• **Exercise details**
No picture belongs in the copy. Repeat each line below exactly.

• **Collected material**

※

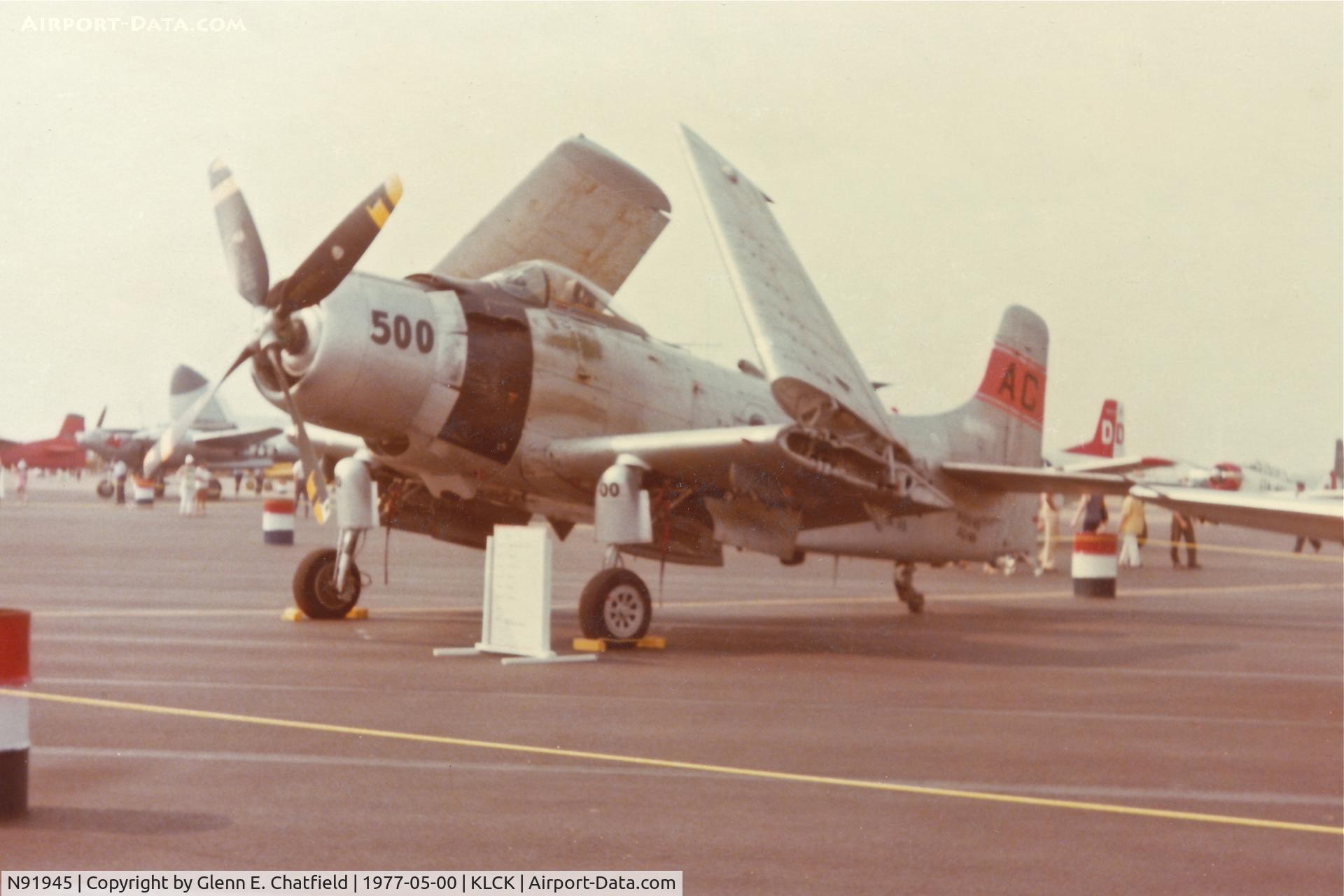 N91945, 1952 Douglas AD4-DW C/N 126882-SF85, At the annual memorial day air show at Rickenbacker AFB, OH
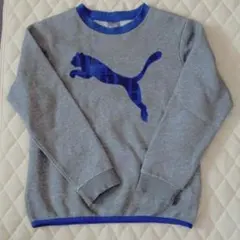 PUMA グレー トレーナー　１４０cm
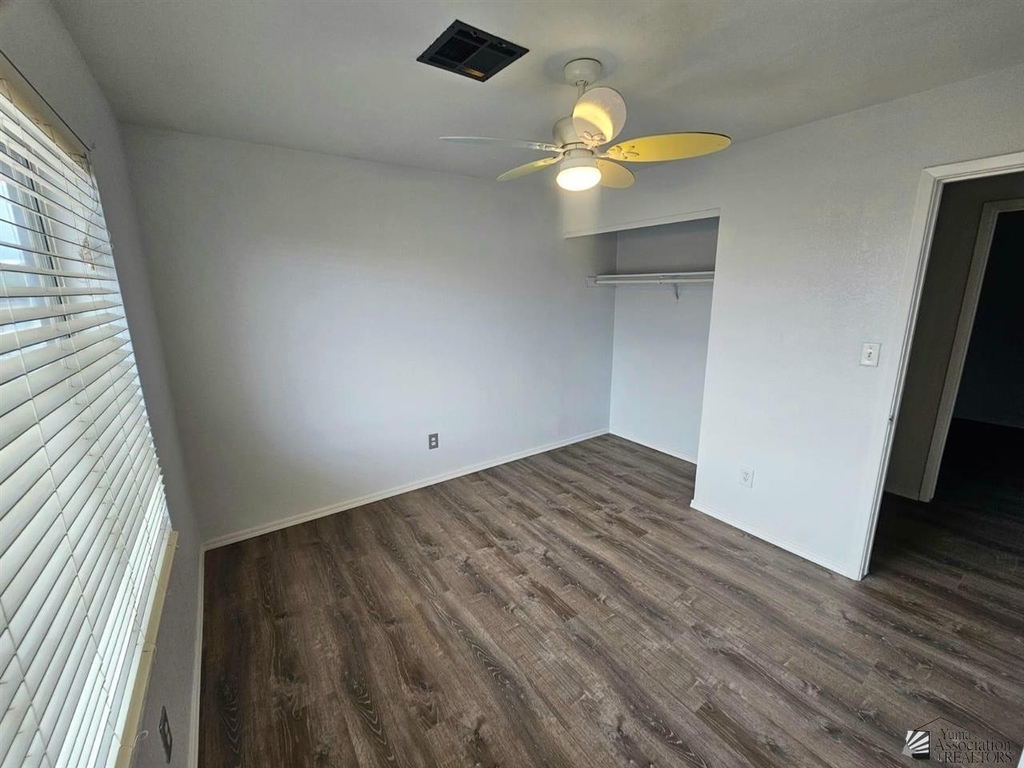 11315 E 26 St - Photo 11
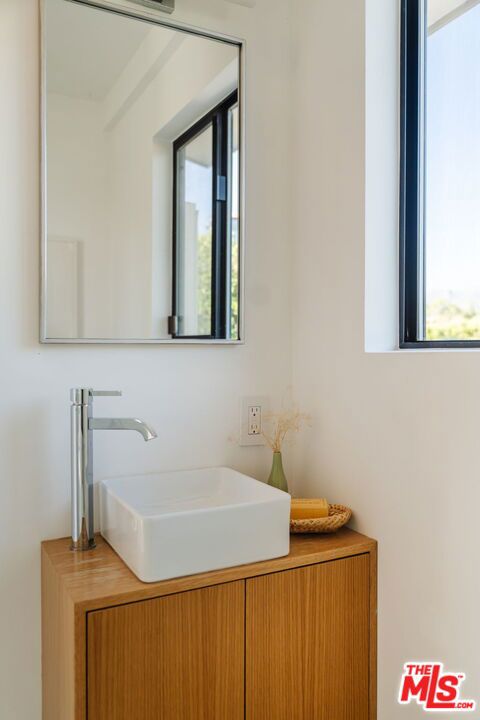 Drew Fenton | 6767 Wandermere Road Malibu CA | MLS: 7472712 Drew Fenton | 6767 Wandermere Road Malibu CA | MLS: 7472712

※

• **Answer area**
 N91945, 1952 Douglas AD4-DW C/N 126882-SF85, At the annual memorial day air show at Rickenbacker AFB, OH
 PUMA グレー トレーナー　１４０cm
 11315 E 26 St - Photo 11
 Drew Fenton | 6767 Wandermere Road Malibu CA | MLS: 7472712 Drew Fenton | 6767 Wandermere Road Malibu CA | MLS: 7472712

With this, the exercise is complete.